When ILM and SLM both manipulate indices - ILM performing rollovers, shrinks, or closes while SLM takes snapshots - the timing matters. An ILM close or delete action running against an index whose shards are currently being snapshotted can produce partial results. Coordinate SLM snapshot schedules with ILM phase timing to minimize overlap.
Prevention and Retry Strategies
Start with cluster stability. A green cluster health status before a snapshot begins is the single most effective way to prevent partial snapshots. Monitor GET _cluster/health and gate snapshot operations on status: green when possible. For clusters that are frequently yellow due to intentional single-replica configurations, accept that partial snapshots remain a risk for any index with an unassigned replica if the primary also fails.
Avoid scheduling force-merge operations during snapshot windows. If you use ILM's force-merge action, check that the warm phase force-merge timing does not overlap with your SLM snapshot schedule. Both operate on cron schedules, so a timing audit across policies is worth the effort.

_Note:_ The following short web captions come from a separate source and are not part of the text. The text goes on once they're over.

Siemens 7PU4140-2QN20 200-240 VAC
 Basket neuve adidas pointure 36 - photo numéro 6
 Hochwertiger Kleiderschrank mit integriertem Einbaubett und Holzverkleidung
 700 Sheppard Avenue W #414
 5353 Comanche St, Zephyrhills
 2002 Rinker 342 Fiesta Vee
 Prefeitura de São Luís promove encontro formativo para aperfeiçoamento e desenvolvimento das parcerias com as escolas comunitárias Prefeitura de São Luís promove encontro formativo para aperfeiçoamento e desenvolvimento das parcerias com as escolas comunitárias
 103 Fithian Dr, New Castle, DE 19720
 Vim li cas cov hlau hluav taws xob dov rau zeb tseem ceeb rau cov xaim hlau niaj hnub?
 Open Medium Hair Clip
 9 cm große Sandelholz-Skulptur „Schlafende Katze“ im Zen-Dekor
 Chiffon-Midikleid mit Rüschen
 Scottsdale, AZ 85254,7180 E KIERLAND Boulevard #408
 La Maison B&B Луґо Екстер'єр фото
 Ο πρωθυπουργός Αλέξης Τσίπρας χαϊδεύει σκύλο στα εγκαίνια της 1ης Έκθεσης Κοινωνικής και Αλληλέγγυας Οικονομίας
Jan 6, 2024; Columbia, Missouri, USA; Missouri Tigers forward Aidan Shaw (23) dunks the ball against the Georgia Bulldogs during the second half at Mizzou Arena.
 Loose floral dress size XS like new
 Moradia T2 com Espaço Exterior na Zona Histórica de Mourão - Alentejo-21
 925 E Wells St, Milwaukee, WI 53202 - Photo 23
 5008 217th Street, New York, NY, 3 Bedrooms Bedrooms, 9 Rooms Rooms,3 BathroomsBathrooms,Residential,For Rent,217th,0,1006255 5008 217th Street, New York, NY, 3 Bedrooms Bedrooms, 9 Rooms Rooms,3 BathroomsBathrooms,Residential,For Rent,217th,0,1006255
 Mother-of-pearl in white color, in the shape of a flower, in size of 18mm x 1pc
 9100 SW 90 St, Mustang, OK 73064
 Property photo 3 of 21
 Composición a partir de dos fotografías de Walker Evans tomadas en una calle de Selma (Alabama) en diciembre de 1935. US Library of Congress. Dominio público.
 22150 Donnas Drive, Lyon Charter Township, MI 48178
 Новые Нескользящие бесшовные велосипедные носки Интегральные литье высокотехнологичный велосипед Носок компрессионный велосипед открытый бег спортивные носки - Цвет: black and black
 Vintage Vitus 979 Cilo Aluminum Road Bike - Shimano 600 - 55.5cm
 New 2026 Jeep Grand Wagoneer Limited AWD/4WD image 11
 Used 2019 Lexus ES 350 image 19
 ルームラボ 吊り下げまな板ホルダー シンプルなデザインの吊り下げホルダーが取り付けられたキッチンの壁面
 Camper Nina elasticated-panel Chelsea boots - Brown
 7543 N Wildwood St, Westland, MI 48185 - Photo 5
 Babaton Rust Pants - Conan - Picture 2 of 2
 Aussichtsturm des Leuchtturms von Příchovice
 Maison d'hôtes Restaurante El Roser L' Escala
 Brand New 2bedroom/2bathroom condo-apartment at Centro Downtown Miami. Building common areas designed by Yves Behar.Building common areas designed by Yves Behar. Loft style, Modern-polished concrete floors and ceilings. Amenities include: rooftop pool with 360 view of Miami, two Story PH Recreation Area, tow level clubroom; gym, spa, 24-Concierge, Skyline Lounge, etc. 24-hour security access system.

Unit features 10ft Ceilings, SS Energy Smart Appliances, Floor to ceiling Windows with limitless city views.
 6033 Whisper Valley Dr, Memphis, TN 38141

Space SLM schedules conservatively. Measure how long your snapshots actually take under peak load using the duration_in_millis field from GET _snapshot/my_repo/_all, then set your SLM schedule interval to at least 1.5x that duration. This avoids concurrent snapshot exceptions.
For retrying after a partial snapshot, you can take a new snapshot that includes the same indices. Elasticsearch uses incremental snapshots, so successfully captured shards from the partial snapshot are reused. Fix the underlying issue first - reassign the missing shards, wait for a relocating node to stabilize, or reopen the closed index - then trigger a new snapshot. The incremental nature means the retry is fast for everything except the previously failed shards.
To monitor ongoing snapshot health, set up watches or alerts on the GET _snapshot/my_repo/_current endpoint and check for shards.failed > 0 on completed snapshots. Catching partial snapshots early prevents situations where your only backup is incomplete.